Task prompt:
Skip the images and restate every line of the records exactly.

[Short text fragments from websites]

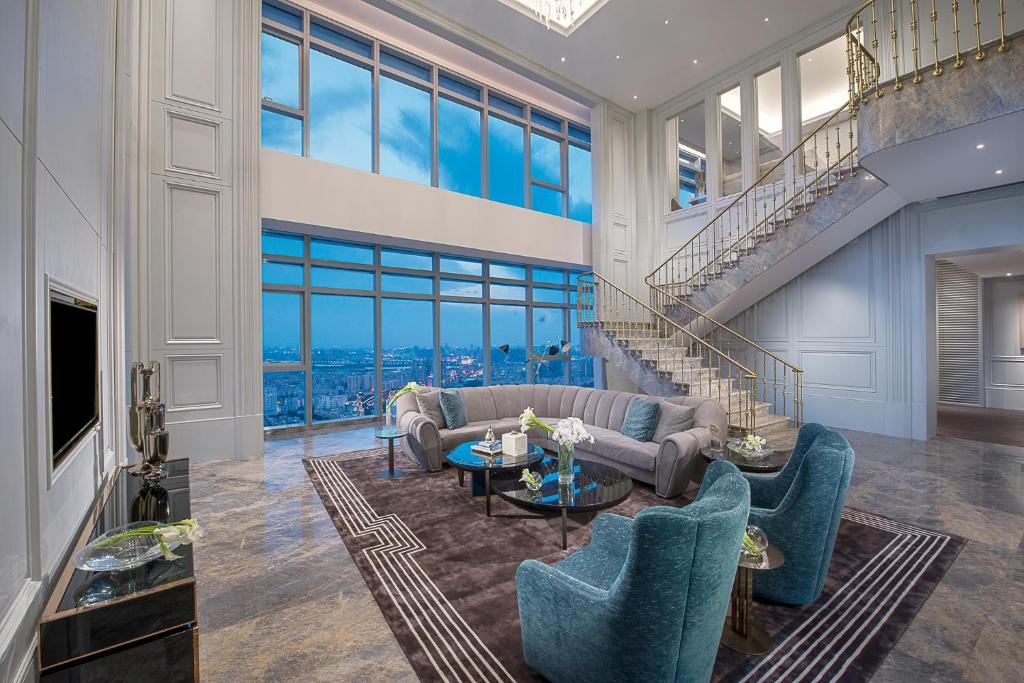 Posezení v ubytování Sofitel Foshan Shunde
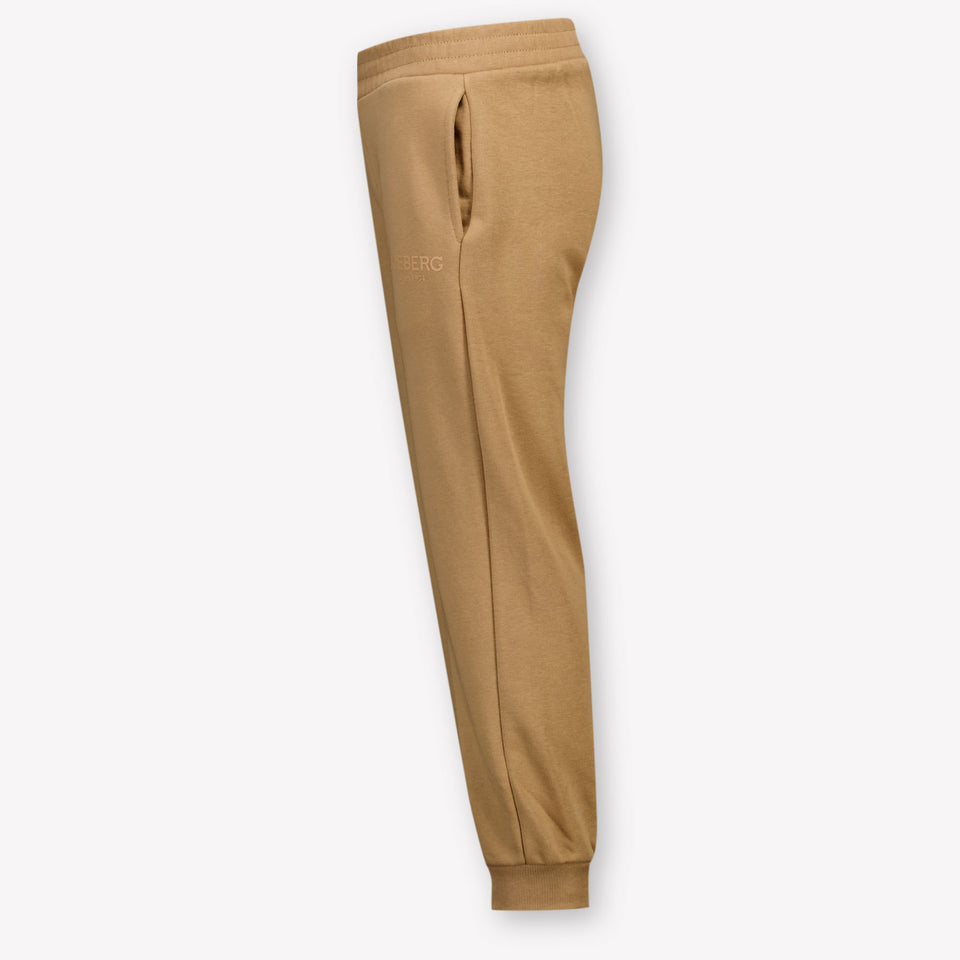 Iceberg Kinder Jongens Broek In Camel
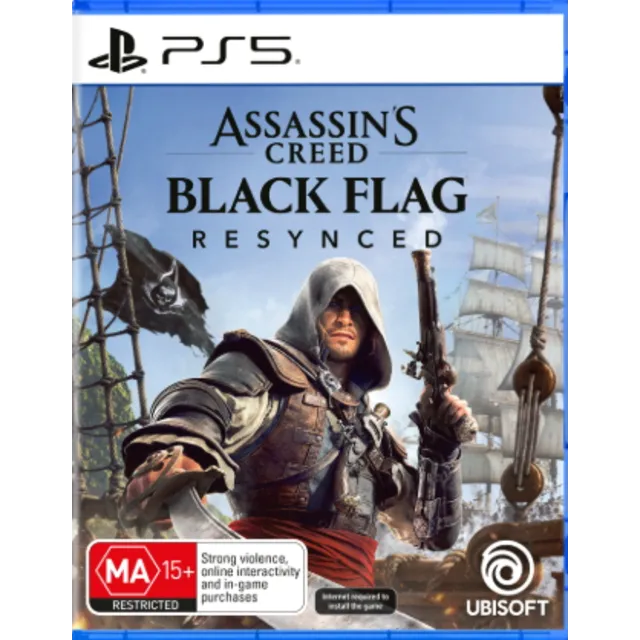 🎮Assassin's Creed Black Flag Resynced   PS5 П3 - Онлайн ⚡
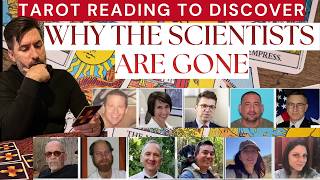 The Scientists Who Disappeared — A Tarot Investigation
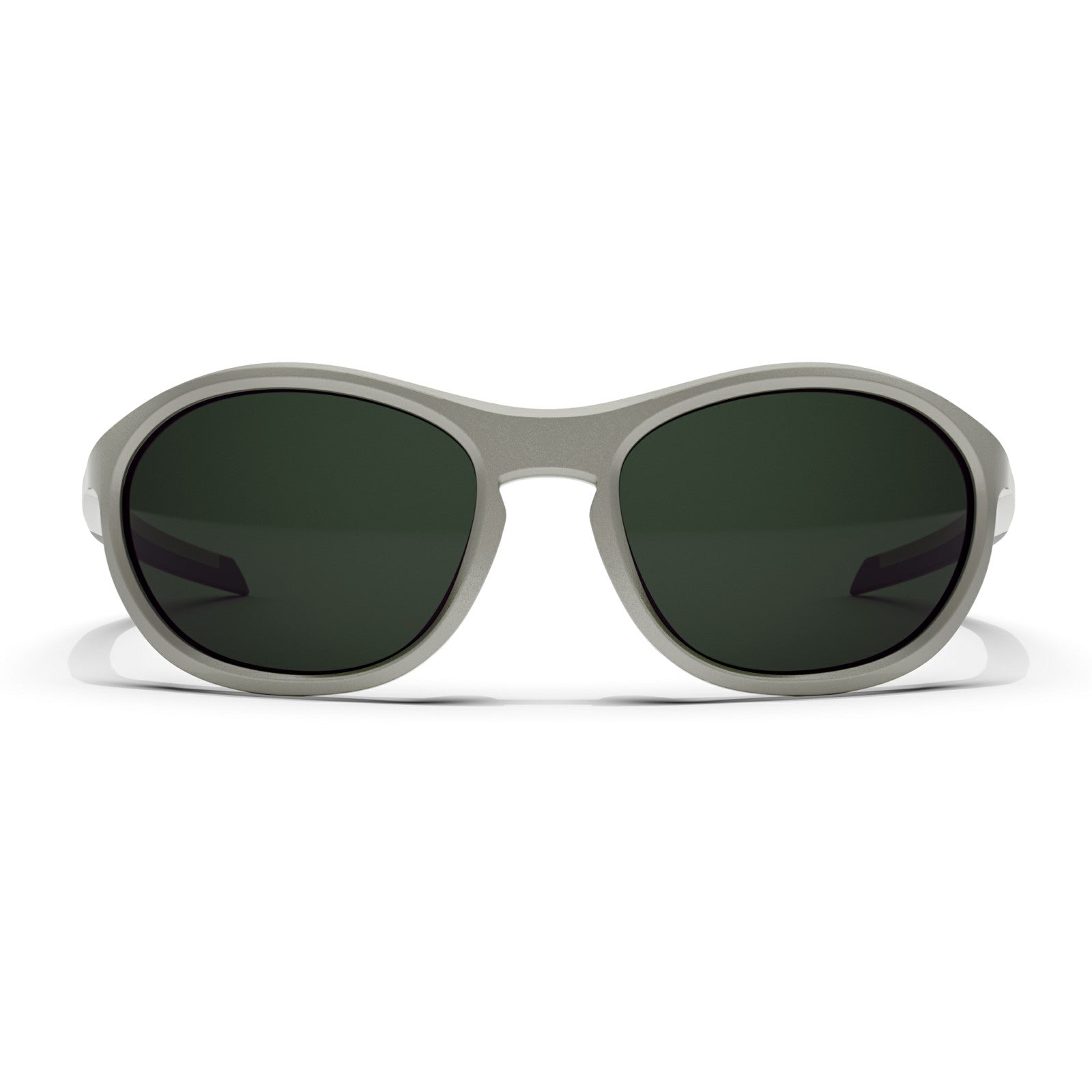 Silver Metallic / Green,os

Exercise response:
 Posezení v ubytování Sofitel Foshan Shunde
 Iceberg Kinder Jongens Broek In Camel
 🎮Assassin's Creed Black Flag Resynced   PS5 П3 - Онлайн ⚡
 The Scientists Who Disappeared — A Tarot Investigation
 Silver Metallic / Green,os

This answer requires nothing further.